Enerplus Corp. (TSX, NYSE: ERF) snagged an impressive US$292 million from the sale of a sliver of noncore assets in its Bakken/ Three Forks holdings, the company said Dec. 12.
The Calgary-based company’s U.S. subsidiary agreed to sell Bakken acreage, including 5,800 net acres located on the Fort Berthold Indian Reservation, with an average working interest per drilling spacing unit of 8%. Based on its previously reported acreage, Enerplus has also divested about 1,200 net acres in the Williston Basin.
While it’s likely too early to call activity in the Williston a revival, a steady stream of deals has progressed this year. However, of the $1.6 billion in value transacted in North Dakota and Montana in 2016, about half came from Oasis Petroleum Inc.’s (NYSE: OAS) purchase of Williston territory from SM Energy Co. (NYSE: SM) for $785 million.
Only three other deals have eclipsed the $100 million mark.
Enerplus appears to have swung a profitable deal.
“The price received is attractive: at $77,000 per barrel of oil equivalent per day (boe/d), it is double the company’s current trading multiple [of about $38,000 per boe/d] and is particularly solid considering the low working interest of the assets,” said Grant Hofer, equity research analyst at Barclays.
Production on the Berthold assets averaged 5,000 boe/d in third-quarter 2016. The assets comprise roughly 8% of the company's North Dakota acreage and, after closing, Enerplus will hold an operated position of about 65,500 net acres.
Barclays said it had considered Enerplus done with pruning noncore assets in North Dakota, but its additional sale should be the last of its surplus acreage.
The company’s remaining Bakken volumes—which averaged 23,700 boe/d in the third quarter—should be more valuable “given that they are operated and were expected to generate 25% growth in 2017” prior to the sale, Hofer said.
Enerplus’ liquids production is expected to increase company-wide by 15%, on the back of the Bakken’s oily production.
The company embarked on a divestiture campaign to give itself the financial wherewithal to bump up its operated Fort Berthold program over the next few years.
Enerplus expects to provide updated 2017 capital plans and guidance in early 2017.
Enerplus also increased its Fort Berthold drilling inventory by moving to six wells per drilling spacing unit from four.
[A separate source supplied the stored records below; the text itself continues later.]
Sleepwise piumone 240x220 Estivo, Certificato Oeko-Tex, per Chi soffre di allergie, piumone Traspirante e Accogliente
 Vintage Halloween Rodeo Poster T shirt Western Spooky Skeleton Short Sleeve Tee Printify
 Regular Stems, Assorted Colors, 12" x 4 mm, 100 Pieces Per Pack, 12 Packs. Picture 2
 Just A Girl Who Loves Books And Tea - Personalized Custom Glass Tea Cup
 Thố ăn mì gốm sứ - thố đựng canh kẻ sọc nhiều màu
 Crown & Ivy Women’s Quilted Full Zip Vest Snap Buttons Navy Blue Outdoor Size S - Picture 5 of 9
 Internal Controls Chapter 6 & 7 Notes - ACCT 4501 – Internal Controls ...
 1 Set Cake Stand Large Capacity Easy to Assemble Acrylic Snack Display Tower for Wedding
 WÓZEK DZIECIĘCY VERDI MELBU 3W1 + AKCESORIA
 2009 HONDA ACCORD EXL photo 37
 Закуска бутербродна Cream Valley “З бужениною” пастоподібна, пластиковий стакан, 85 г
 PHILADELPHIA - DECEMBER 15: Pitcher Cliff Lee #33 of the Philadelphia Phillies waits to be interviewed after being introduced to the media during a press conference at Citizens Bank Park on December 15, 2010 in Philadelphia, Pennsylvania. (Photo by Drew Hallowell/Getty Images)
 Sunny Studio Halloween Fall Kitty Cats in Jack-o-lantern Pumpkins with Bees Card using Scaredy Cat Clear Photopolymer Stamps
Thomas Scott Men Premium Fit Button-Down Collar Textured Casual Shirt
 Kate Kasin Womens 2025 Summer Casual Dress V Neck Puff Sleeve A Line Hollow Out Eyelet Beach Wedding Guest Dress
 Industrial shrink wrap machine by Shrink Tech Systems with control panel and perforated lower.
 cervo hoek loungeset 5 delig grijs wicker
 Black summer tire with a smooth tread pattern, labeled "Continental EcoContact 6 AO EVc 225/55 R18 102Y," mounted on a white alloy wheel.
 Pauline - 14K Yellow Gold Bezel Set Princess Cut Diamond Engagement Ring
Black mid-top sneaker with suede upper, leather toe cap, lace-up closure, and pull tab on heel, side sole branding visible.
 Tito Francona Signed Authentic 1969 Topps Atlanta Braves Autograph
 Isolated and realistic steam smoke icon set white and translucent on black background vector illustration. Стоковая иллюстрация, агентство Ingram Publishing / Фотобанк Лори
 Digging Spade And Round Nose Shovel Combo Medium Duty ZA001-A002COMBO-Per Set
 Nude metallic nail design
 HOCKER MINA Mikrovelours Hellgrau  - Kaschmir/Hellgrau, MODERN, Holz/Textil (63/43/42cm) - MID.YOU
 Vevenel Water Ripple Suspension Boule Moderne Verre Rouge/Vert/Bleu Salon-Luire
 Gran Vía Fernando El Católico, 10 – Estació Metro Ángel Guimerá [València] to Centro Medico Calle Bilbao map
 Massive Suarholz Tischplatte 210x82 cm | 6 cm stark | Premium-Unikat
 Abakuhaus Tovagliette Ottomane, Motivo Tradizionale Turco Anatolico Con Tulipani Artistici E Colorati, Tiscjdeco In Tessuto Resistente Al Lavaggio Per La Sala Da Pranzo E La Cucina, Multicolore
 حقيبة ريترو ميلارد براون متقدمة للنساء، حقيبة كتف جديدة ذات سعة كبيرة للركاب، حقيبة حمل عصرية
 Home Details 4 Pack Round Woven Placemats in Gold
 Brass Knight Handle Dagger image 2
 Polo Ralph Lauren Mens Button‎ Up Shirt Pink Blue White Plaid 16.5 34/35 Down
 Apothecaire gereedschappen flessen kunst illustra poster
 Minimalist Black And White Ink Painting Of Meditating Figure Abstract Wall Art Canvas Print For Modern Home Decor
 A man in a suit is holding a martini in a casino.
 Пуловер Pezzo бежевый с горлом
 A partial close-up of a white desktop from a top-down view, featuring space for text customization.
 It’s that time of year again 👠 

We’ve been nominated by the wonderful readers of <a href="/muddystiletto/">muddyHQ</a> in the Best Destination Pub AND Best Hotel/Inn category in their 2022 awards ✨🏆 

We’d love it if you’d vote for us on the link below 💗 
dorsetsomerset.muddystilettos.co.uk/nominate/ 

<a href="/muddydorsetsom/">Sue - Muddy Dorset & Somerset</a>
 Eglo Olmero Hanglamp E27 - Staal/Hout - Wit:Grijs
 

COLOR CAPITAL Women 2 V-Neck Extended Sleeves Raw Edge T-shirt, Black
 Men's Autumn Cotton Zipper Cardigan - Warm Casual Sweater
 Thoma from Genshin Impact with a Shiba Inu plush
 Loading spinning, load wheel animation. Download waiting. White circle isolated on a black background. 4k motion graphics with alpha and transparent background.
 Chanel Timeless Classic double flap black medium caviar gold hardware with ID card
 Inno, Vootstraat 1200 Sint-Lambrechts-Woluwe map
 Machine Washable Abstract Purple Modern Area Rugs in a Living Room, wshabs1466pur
Overall, the company said it identified 465 net locations, up 28% from 363 net locations in November.
“We have established a position as one of the leading operators in the Williston Basin,” Enerplus president and CEO Ian C. Dundas said. “This divestment of our nonoperated, low-working interest acreage is highly accretive and will further improve our focus on our operated core acreage position allowing us to more efficiently allocate capital to the play.”
Evercore and RBC Richardson Barr are financial advisers to Enerplus on the transaction.